Joe is playing a game of chance at the hibiscus festival, costing $1 for each game. In the game two fair dice are rolled and the sum of the numbers that turned up is found. If the sum is seven, then Joe wins $5. Otherwise loses his money. Joe play the game 15 times. Find his expected profit or lose.
We do not do your homework for you. Although it might take more effort to do the work on your own, you will profit more from your effort.
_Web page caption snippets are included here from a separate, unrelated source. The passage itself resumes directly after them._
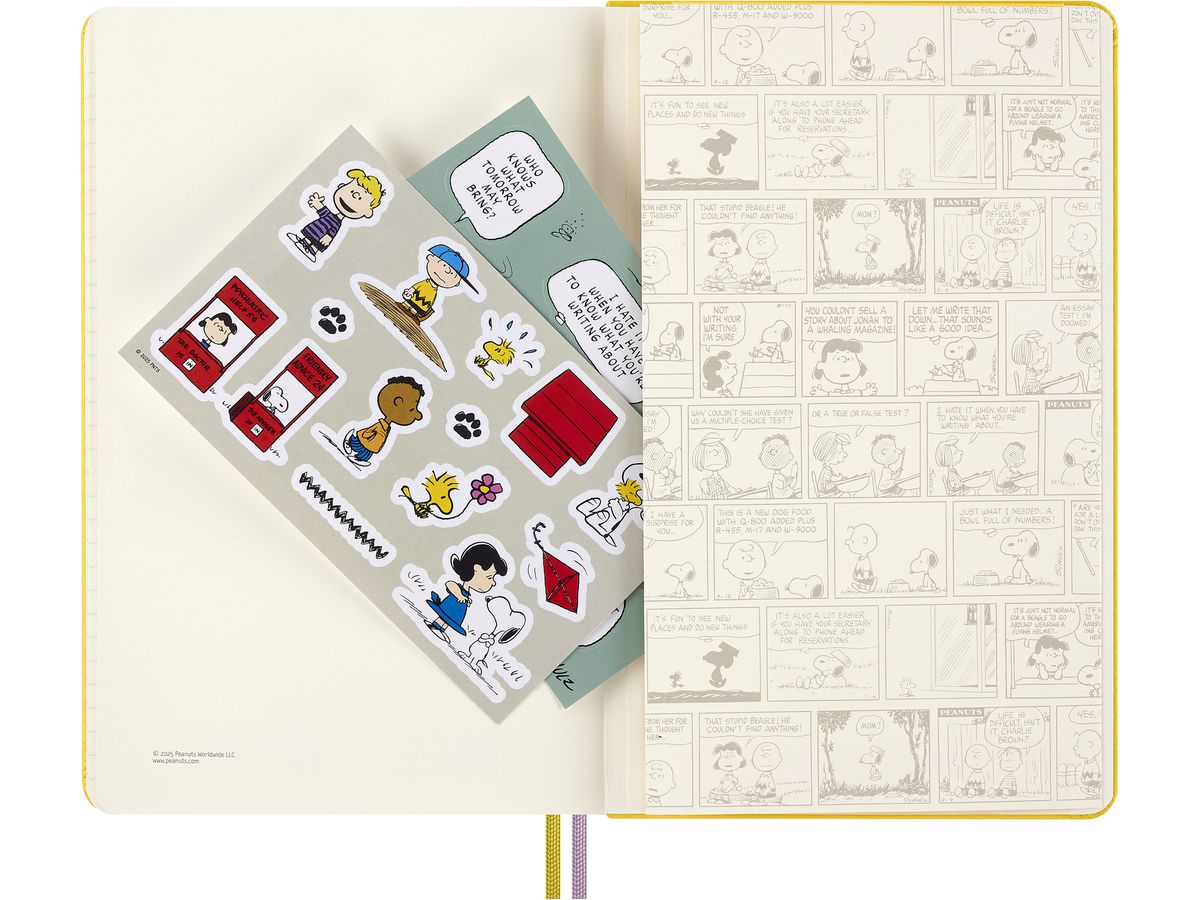 MOLESKINE Carnet Peanuts Patty L/A5 999277123 ligné, orange (8056999277123)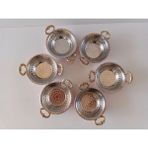 TAT Metal Bakır Sunumluk - Çerezlik Kase. - 6 cm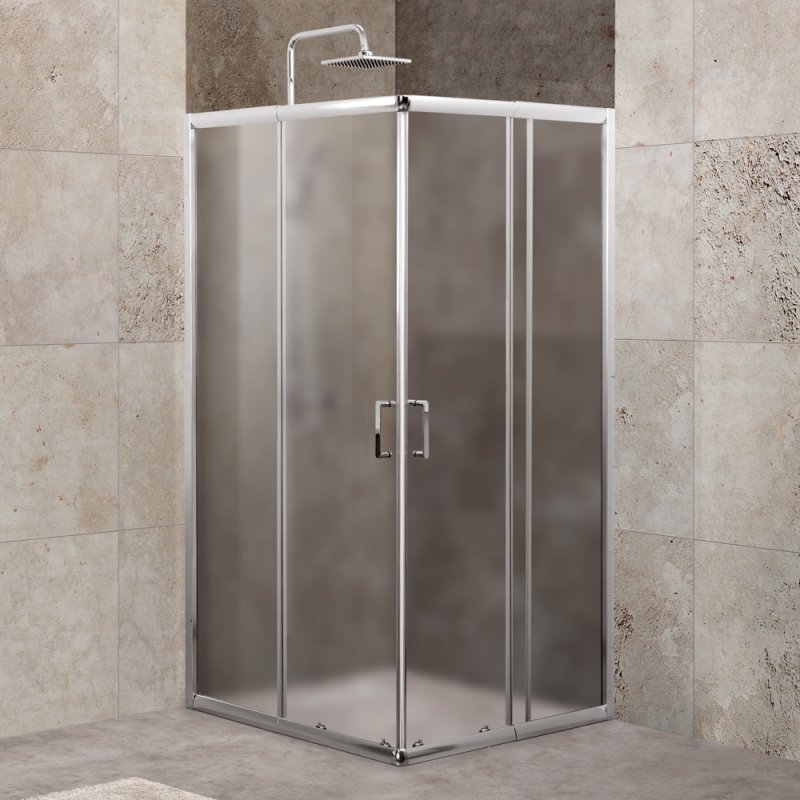 

Душевой уголок BelBagno Unique A-2-85/100-P-Cr стекло punto
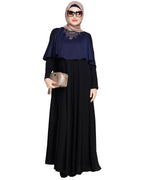 Elite Cape Abaya Blue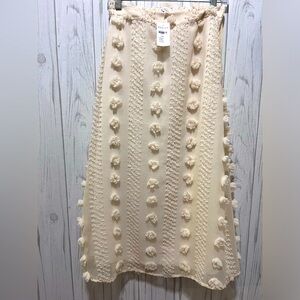 Böhme Swiss Dot Midi Skirt Oatmeal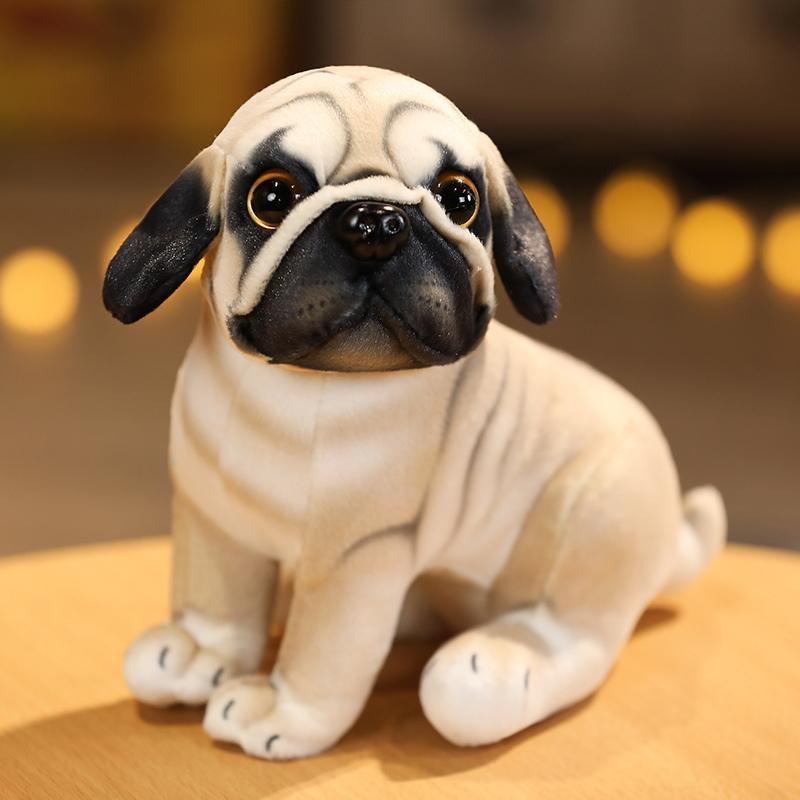 18cm Cane Cucciolo Simulazione Peluche Giocattolo Imbottito Carlino Chihuahua Bulldog Beagle Husky Animale Piccolo Peluche Regalo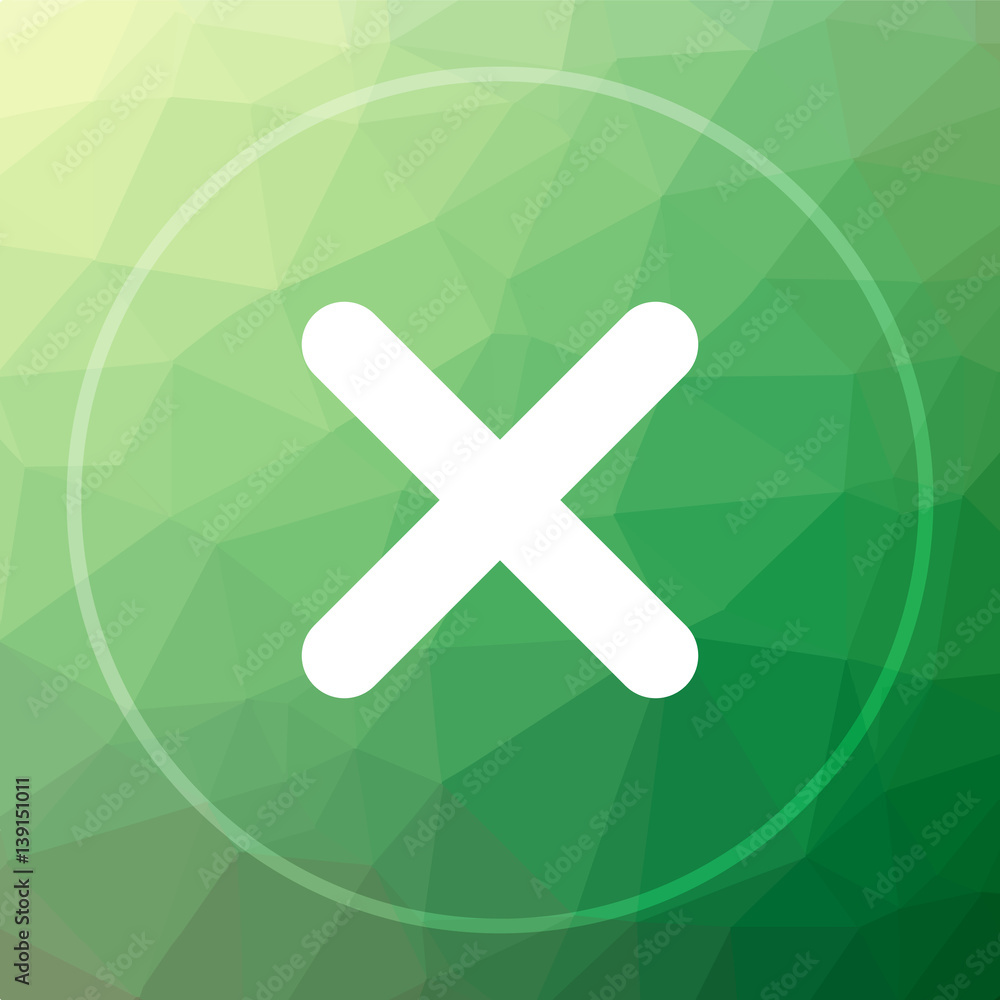 Obraz premium X close icon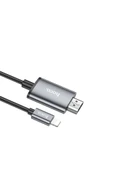 UA27 2M Tak Çalıştır Lightning to HDMI Alüminyum Alaşımlı Örgü Korumalı Dönüştürücü thumbnail 6
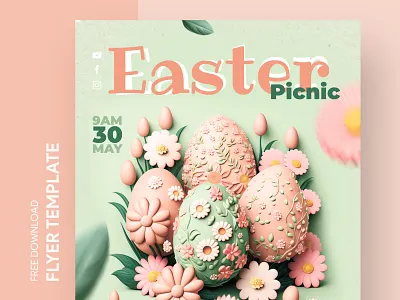 Easter Flyer Free Google Docs Template advertisement design docs easter easter flyer flyer flyer design flyer template flyers free google docs templates free template free template google docs google google docs google docs flyer template handout leaflet template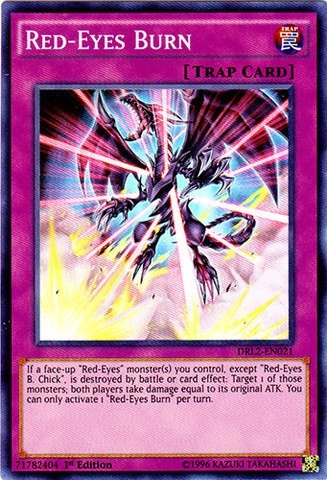 Yu-Gi-Oh! Red-Eyes Burn DRL2-EN021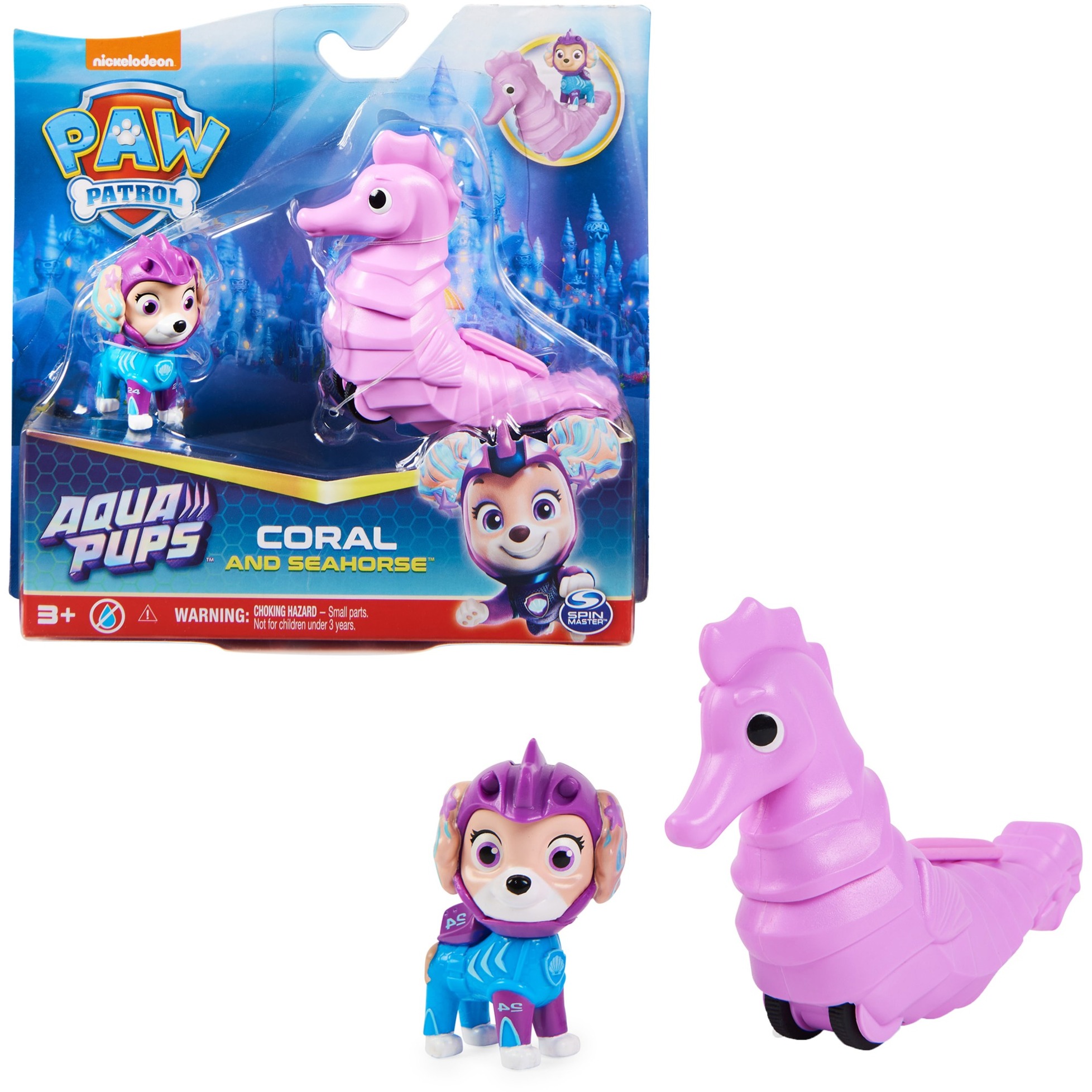 Spin Master Paw Patrol Aqua Pups – Hero Pups-Set mit Coral-Welpenfigur und Seepferd-Figur, Spielfigur | 00778988446782 Spin Master Paw Patrol Aqua Pups – Hero Pups-Set mit Coral-Welpenfigur und Seepferd-Figur, Spielfigur | 00778988446782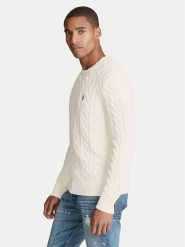 Polo Ralph Lauren Sweter 710775885024 Écru Regular Fit. Kardigany męskie Polo Ralph Lauren, l, bez wzorów, z bawełny, bez ramiączek. Za 839.99 zł.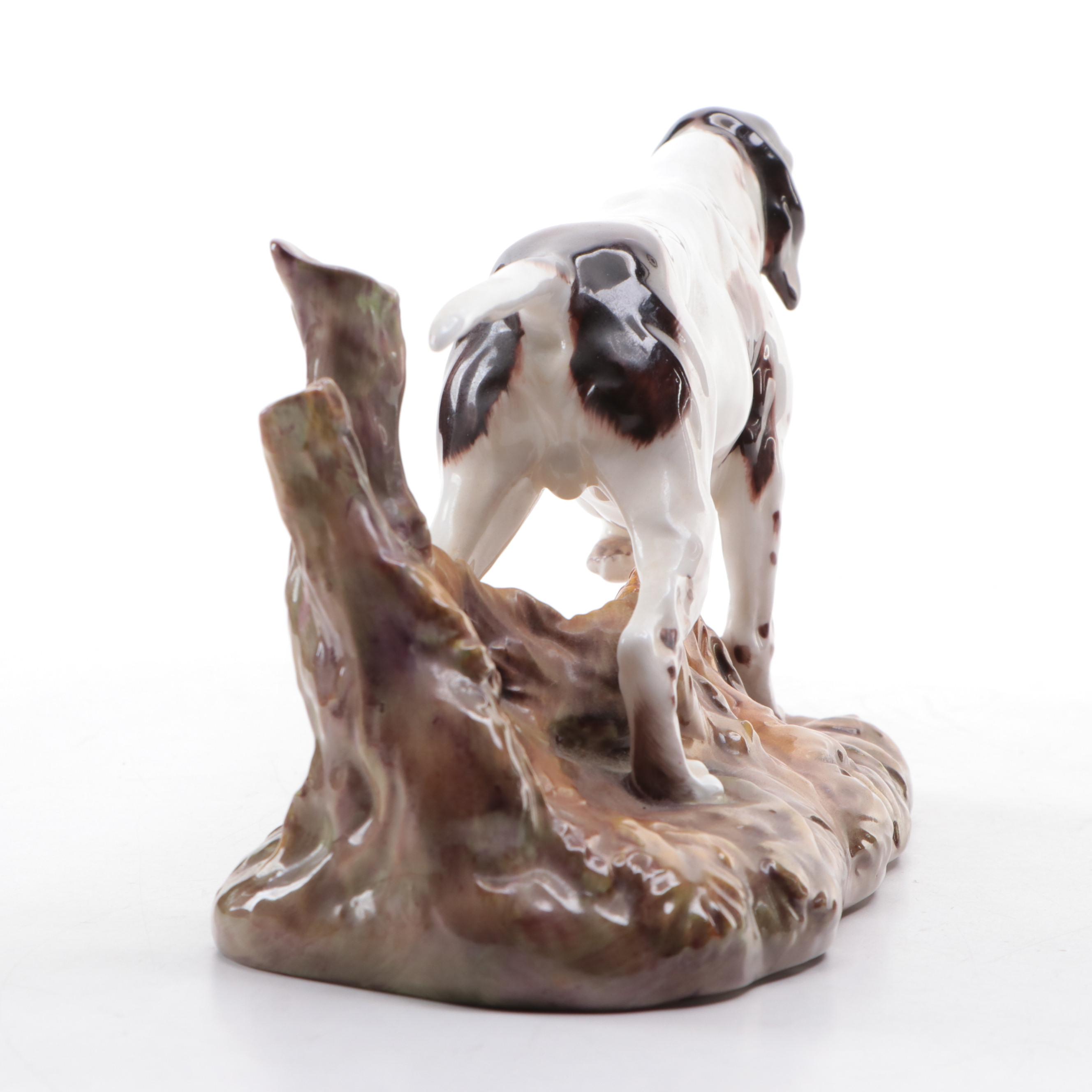 Royal Doulton Bone China Pointer Figurine Designed by Peggy Davies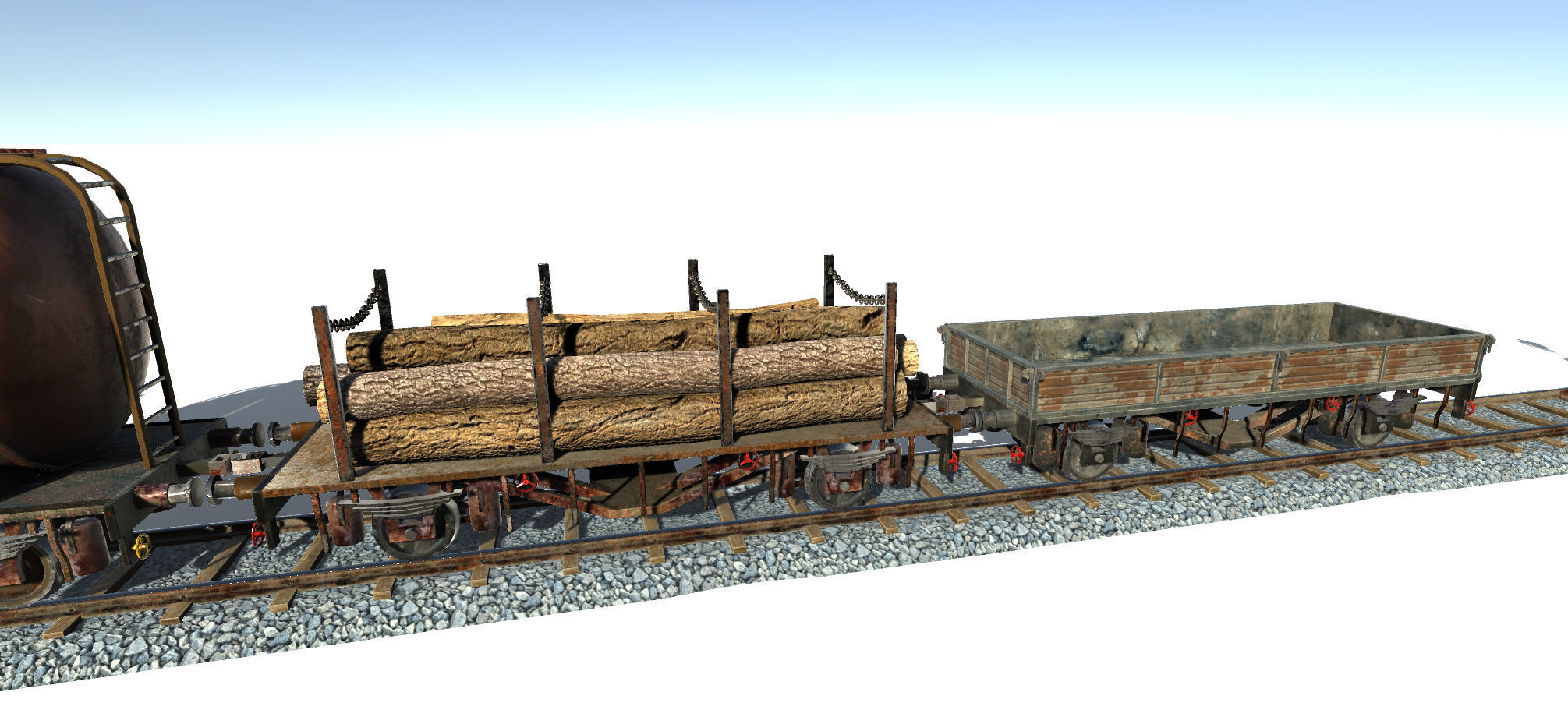 Train Construction Kit Low-poly 3D model_4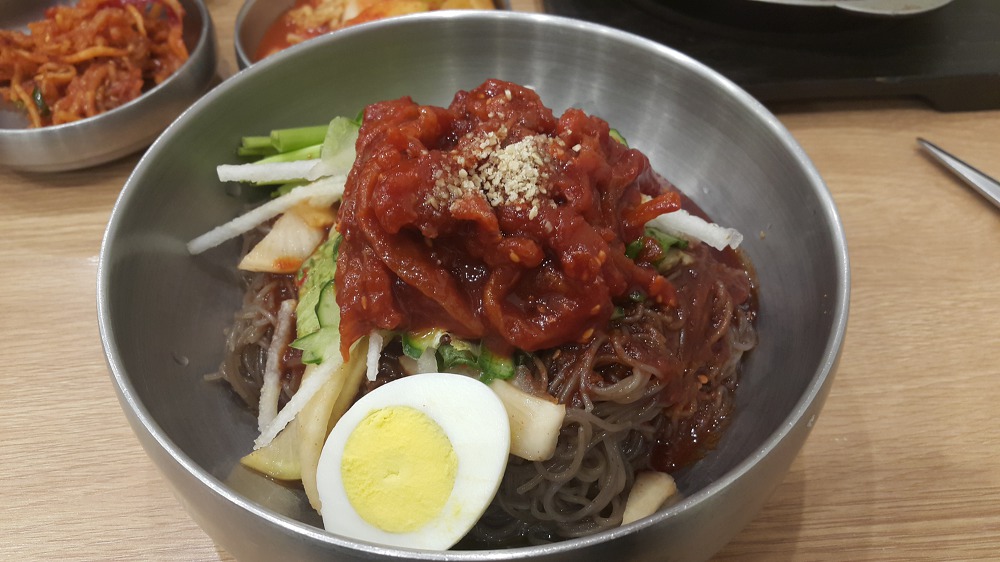 <대구 신세계백화점 \"강산면옥\"> 회냉면과 불고기의 많이 아쉬운 맛.. 작업 사진 7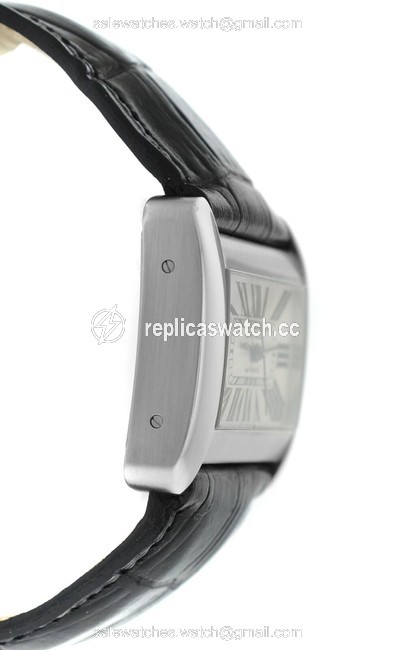 Cartier Silver Divan 2612 Unisex Large Stainless Steel 38mm Watch Cartier Silver Divan 2612 Unisex Large Stainless Steel 38mm Watch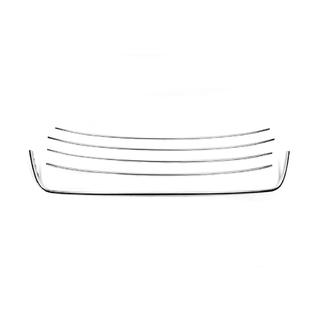 Front bumper protector trims Comfort (5 pcs, stainless steel) Volkswagen Caddy 2010-2015 photo 2
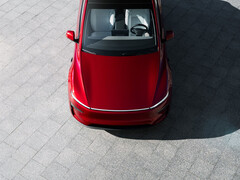 De nieuwe Tesla Model Y in Ultra Red (bron: Tesla)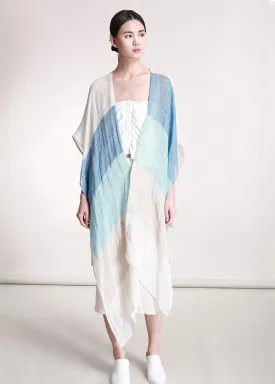 Light Blue V Neck Asymmetrical Cardigan Summer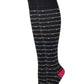 Knee High Compression Socks | Stripes with Dots | Women's (1 Pair)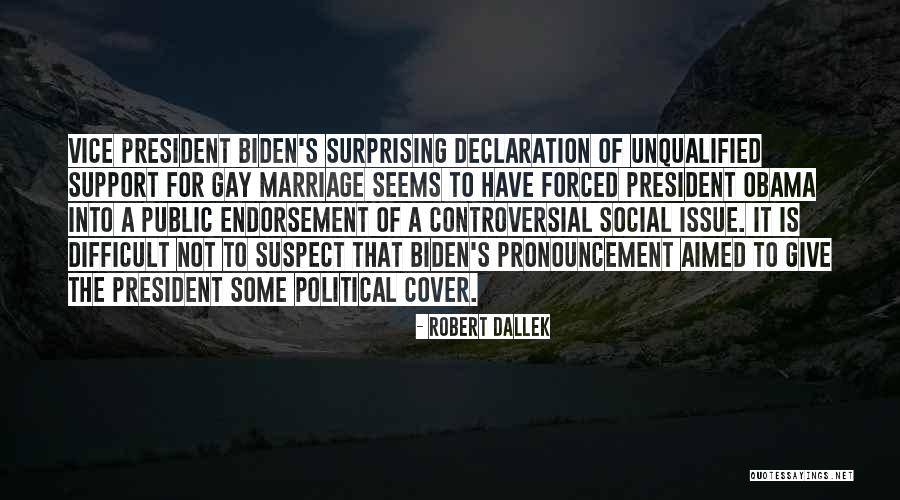 For Gay Marriage Quotes By Robert Dallek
We will be happy to evaluate your work though.
However, I will start you out.
Out of 36 possibilities, 7 can be obtained with:
6,1
1,6
3,4
4,3
5,2
2,5
Thus his chances of winning on any one toss = 6/36 = 1/6
To find Joe's expected profit or loss, we need to calculate the probability of each outcome and then multiply it by the corresponding profit or loss.
First, let's determine the probability of getting a sum of seven when rolling two fair dice. The possible outcomes that result in a sum of seven are: (1, 6), (2, 5), (3, 4), (4, 3), (5, 2), and (6, 1). There are a total of 36 possible outcomes when rolling two dice (each die has 6 possible outcomes). So, the probability of getting a sum of seven is 6/36 or 1/6.
If Joe wins, he gets $5. So the profit in that case is $5. If Joe loses, he loses his $1. So the loss in that case is $1.
Now, let's calculate the expected profit or loss:
Expected profit or loss = (Probability of winning * Profit if won) + (Probability of losing * Loss if lost)
Probability of winning = 1/6
Profit if won = $5
Probability of losing = (Total number of outcomes - Probability of winning) / Total number of outcomes
Total number of outcomes = 36
Probability of winning = 1/6
Loss if lost = $1
Expected profit or loss = (1/6 * $5) + ((36 - 1/6) / 36 * $1)
= $5/6 + (35/36 * $1)
= $5/6 + $35/36
= $35/6 + $35/36
= ($35 * 6 + $35) / 36
= $245/36
≈ $6.81
Therefore, Joe's expected profit or loss is approximately -$6.81.